Substrate specificities

Glycoside hydrolases of family 8 cleave β-1,4 linkages of β-1,4 glucans, xylans (or xylooligosaccharides), chitosans, and lichenans (1,3-1,4-β-D-glucan). All of GH8 members have been found from bacteria, and there are no members from Eukaryotic or Archaeal origin. The majority of the enzymes are endo-acting enzymes, but one member has an exo-activity that releases β-D-xylose residues from the reducing end of xylooligosaccharides. The substrate specificities found in GH8 are: chitosanase (EC, cellulase (EC, licheninase (EC, endo-1,4-β-xylanase (EC and reducing-end-xylose releasing exo-oligoxylanase (EC GH8 was one of the first glycoside hydrolase families classified by hydrophobic cluster analysis, and was previously known as "Cellulase Family D" [1, 2].

Kinetics and Mechanism

Enzymes of glycoside hydrolase family 8 are inverting enzymes, as first shown by Fierobe et al. who monitored the reaction of endoglucanase C from Clostridium cellulolyticum (CelCCC) using proton NMR spectroscopy [3]. Hydrolysis by CelA is computationally simulated with QM/MM metadynamics [4].

Catalytic Residues

The general acid (proton donor to the leaving group) was first identified in CelA from C. thermocellum as Glu95 [5]. The general base (proton acceptor from the nucleophilic water) of GH8a subfamily was first identified in CelA from C. thermocellum as Asp278 [5]. The general base of GH8b subfamily was first identified in chitosanase from Bacillus sp. K17 as Glu309 based on its crystal structure and by making E309Q mutant [6].
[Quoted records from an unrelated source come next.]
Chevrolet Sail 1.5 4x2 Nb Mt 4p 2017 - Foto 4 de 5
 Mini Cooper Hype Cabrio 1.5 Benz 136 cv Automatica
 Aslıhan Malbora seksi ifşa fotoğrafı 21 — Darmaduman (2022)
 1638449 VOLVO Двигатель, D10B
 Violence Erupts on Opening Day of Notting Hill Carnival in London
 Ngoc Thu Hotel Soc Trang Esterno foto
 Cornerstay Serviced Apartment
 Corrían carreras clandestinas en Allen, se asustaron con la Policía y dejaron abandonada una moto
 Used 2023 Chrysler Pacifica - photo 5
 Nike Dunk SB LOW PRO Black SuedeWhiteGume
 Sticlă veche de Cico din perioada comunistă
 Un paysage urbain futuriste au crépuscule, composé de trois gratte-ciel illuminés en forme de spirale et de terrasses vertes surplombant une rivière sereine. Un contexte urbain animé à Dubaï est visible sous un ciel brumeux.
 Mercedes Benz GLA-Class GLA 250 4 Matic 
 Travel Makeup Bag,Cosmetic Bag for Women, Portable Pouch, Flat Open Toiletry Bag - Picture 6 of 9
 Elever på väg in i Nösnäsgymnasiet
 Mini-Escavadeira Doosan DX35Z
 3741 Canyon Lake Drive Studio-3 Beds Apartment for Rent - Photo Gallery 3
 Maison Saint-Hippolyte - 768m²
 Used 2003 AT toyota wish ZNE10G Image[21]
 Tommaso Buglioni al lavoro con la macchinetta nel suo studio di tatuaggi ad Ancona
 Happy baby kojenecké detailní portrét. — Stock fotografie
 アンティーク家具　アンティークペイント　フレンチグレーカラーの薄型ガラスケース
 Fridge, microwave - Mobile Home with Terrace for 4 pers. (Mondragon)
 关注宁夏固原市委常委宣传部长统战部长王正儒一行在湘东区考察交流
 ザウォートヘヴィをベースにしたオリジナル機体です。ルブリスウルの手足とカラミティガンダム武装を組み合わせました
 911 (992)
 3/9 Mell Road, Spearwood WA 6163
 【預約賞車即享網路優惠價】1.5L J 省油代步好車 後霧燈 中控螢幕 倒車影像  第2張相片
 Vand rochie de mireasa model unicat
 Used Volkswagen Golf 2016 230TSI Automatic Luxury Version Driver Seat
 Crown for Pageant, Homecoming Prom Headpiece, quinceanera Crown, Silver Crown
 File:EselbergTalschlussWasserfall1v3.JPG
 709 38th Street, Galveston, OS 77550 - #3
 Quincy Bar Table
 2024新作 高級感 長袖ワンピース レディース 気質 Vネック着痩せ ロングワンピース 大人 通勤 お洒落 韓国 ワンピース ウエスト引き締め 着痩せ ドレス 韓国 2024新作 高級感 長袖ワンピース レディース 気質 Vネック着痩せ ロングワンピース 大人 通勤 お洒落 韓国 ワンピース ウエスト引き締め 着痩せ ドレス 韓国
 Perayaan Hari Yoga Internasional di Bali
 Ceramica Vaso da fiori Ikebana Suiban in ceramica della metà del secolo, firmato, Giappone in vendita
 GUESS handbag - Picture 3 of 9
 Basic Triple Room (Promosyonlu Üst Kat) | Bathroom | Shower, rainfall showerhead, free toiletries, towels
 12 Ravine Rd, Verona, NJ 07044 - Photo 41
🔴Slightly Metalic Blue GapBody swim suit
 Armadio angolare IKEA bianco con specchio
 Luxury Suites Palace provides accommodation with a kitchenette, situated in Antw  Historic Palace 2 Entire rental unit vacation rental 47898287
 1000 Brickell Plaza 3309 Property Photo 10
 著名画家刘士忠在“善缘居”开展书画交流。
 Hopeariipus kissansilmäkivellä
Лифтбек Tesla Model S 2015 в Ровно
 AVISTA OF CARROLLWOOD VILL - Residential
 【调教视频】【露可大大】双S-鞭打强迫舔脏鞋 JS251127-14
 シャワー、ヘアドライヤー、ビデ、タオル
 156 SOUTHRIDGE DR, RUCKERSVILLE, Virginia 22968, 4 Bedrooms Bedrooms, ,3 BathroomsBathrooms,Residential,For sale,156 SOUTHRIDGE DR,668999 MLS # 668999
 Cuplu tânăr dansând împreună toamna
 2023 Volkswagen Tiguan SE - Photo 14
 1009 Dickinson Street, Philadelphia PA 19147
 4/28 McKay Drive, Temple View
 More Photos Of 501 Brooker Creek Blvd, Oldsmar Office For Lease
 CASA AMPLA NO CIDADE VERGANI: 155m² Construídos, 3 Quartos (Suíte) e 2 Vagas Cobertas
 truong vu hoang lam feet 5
GH8 enzymes are divided into at least three subfamilies, depending on the position of the general base [6]. GH8a has the general base (Asp) at the N-terminal end of α8 helix. GH8a contains cellulases, xylanases and other enzymes. In GH8b enzymes, the Asp residue is replaced by Asn, and the general base is a Glu residue located in a long loop inserted between α7 and α8 helices. GH8b contains chitosanases, licheninases, cellulases and other enzymes. The position of the general base in GH8c is unknown.

Three-dimensional structures

Several three-dimensional structures of GH8 members from bacterial origin have been solved. The first solved 3-D structure was endoglucanase CelA from Clostridium thermocellum (PDB ID 1cem) in 1996 [5]. As members of Clan GH-M they have a (α/α)6 fold similar to Glycoside Hydrolase Family 48. The general acid residue is located at the N-terminal end of α4 helix. Position of the general base differ among #Subfamilies. Atomic (0.94 Å) resolution structure of CelA in complex with substrate (PDB ID 1kwf) has been determined [7].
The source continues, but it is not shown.